Friday, June 14, 2013

Abraham Lincoln's Twitter Account

I've been thinking (oh noooo!) about how differently we will be screening for presidents of the future.

With social media and the Internet, what if the Abe Lincoln of tomorrow posted a controversial tweet? What if it comes up during the general election that the candidate was eating ice cream instead  of studying for their bio exam because they finally realized that they only live once?

If the requirement will be that no one used social media, never disagreed with anyone, or lived in a log cabin with no wi-fi, how will we ever get a president?

This is kinda weird, and you should remember that it is practically midnight, but an interesting topic none the less.

Exams are over for us (finally) and it's summer vacation! I hope you enjoy it!

Sunday, June 2, 2013

Cats are Secretly Controlling the World

No, really, they are.

Other news! I'm finally getting off my lazy bum and posting. Yay for not procrastinating!

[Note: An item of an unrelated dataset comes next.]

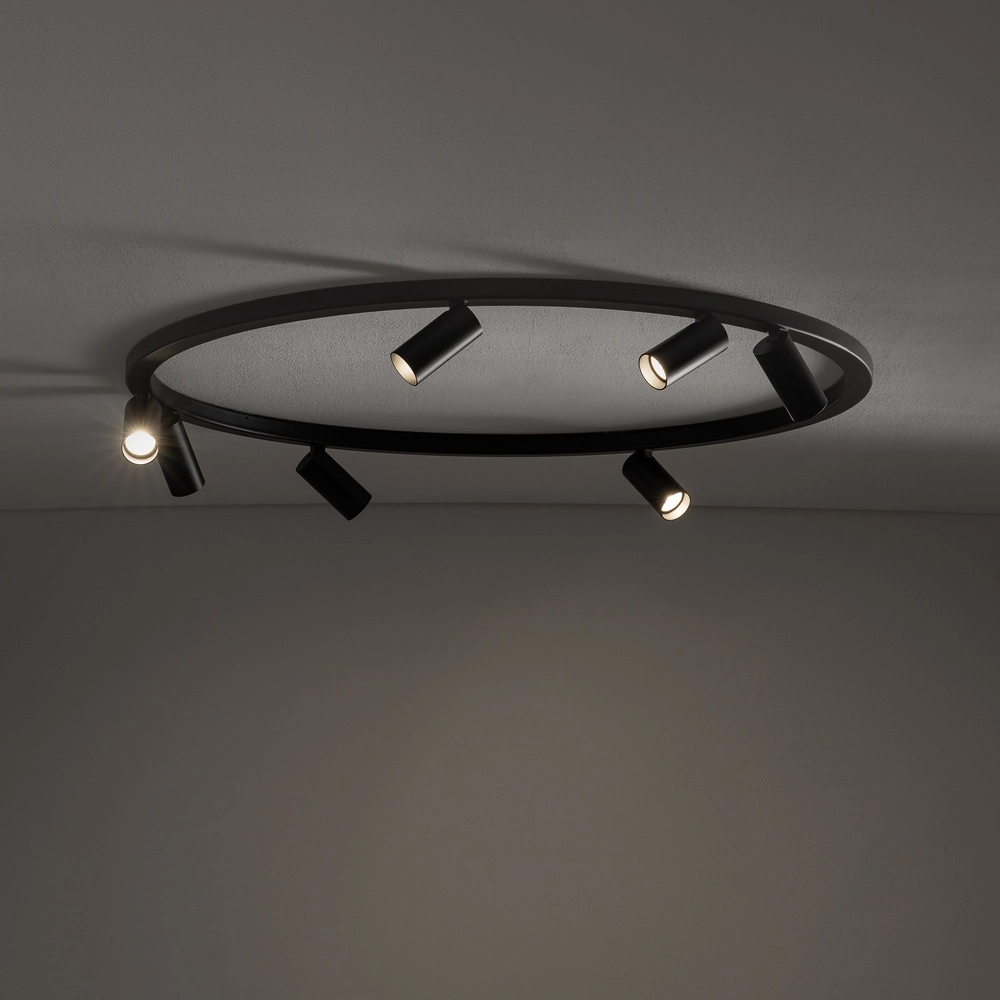 Circle surface-mounted spotlights Fourty 7x GU10 - black Lyora 5903139119443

Join me in not procrastinating, my friends! Grab your to-do list and complete one of the tasks on it! Unless its grocery shopping. That can wait.

So can the DMV.

Anyway, I'm certain you're probably expecting some point to show up sooner or later, but it's already been made. Cats are secretly controlling the world. Just think about it. They are clearly smart enough. They know when they're misbehaving, and they do it anyway. They multiply constantly. Not to mention their attitudes! If anything is keeping them from ruling the world, its that every cat is an arrogant hoity-toity kitty that demands their tuna with cream on the side, cooled slightly and with a sprig of catnip on the top.

Watch out, folks. The cats might get you.